Jimmy Garoppolo: Take a seat, Kirk Cousins. Your time under the harsh spotlight of media scrutiny is over, or at least postponed and diverted to your counterpart this weekend. Saturday will mark Garoppolo's first postseason as a starter -- he won two Super Bowls as Tom Brady's backup in New England. While Garoppolo has led San Francisco to dramatic victories and shepherded the offense to this juncture -- he owns the highest regular-season winning percentage (.808) of a QB making his first playoff start -- the face of the 49ers has yet to face postseason pressure. And on top of that, Jimmy G has to contend with the playoff legacies of Joe Montana and Steve Young, franchise quarterbacks of decades past, and the expectations of following in their cleat-steps. Physically, that's less daunting than staring down Everson Griffen and Danielle Hunter on any given snap. But if Garoppolo slips up on Saturday and closes out a year in which Shanahan has earned more credit for the offense's improvements with a season-squandering loss, then the offseason debate about Jimmy G's viability as an heir to Montana's mantle will be relentless.
Matchup to Watch
Dalvin Cook vs. 49ers front seven: Cousins doesn't have the legacy-defining day he had last Sunday if not for the return of Cook, who became the first Vikings player last week since Adrian Peterson 10 years ago to rush for over 90 yards and two touchdowns in a postseason game.
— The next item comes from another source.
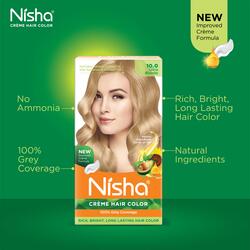 Nisha Creme Hair Color, Permanent Super Blonde Hair Dye Color, 100% Gray Coverage, Ultra Blonde, 150 gm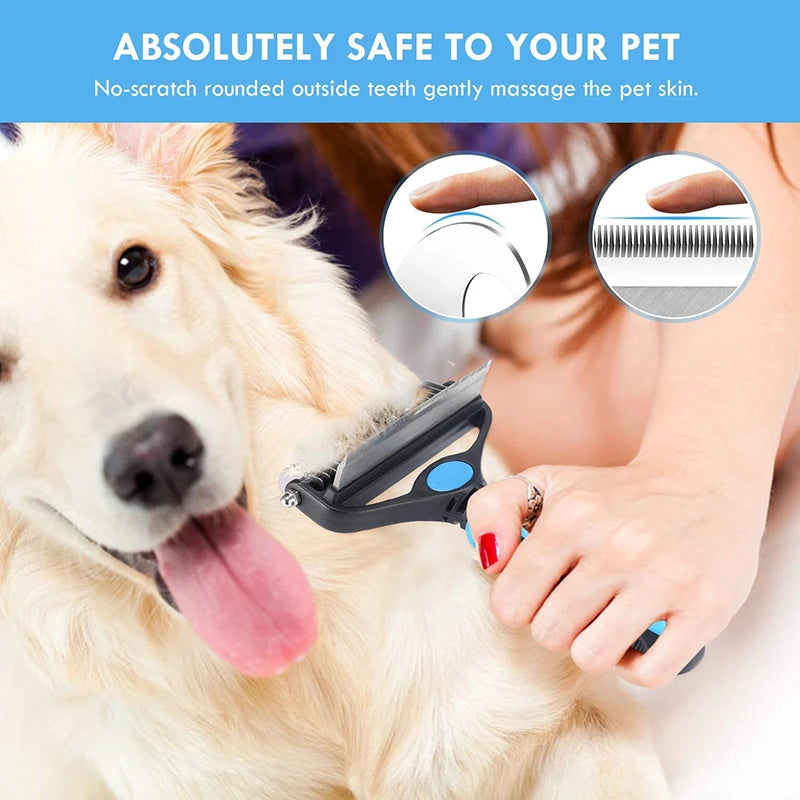 Benepaw Professional Dog Comb Rake 2 In 1 Safe Double-Sided Comfortable Handle Pet Grooming Brush For Mats Tangles Removing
A healthy Cook allows Cousins to cook, making his lethal play-action game ever more so and freeing up Thielen, Diggs and Kyle Rudolph, given they're all healthy (and it's rarely a given). Minnesota will aim to get Cook going early against a Niners run defense that lags behind its pass defense in dominance. San Francisco allowed 4.5 yards per rush and 112.6 yards per game (17th) in 2019, and just two weeks ago let someone named Travis Homer and the Seahawks run for 125. For as stifling as the pass rush spearheaded by Bosa, DeForest Buckner and Arik Armstead is, San Fran's run defense is vulnerable, and the potential return of Ford and Alexander to the front seven might not be enough to slow Cook and keep Minnesota off the field.
Prediction
Cousins' "You like that!" exclamation in the Vikings' locker room following their Superdome super-upset is the type of galvanizing moment that makes media types like myself simultaneously swoon and cringe, a soundbite built for an "America's Game" episode yet to start pre-production. The narrative oozing out of Cousins' late-game heroics is the same one that emerged after the "Minneapolis Miracle" in January 2018 when the Vikings took out the Saints on the final play of the game. This is a quarterback and/or a team of destiny. And yet, no one recalls what came next when Minnesota traveled to play the top seed, riding a high, and saw its self-fulfilled prophecy fall flat in flea-flickin' Philadelphia. While I don't anticipate the Vikings to lay the same-size egg in Santa Clara, I do expect deja vu all over again, and Kurt-ains for the Minnesota melodrama.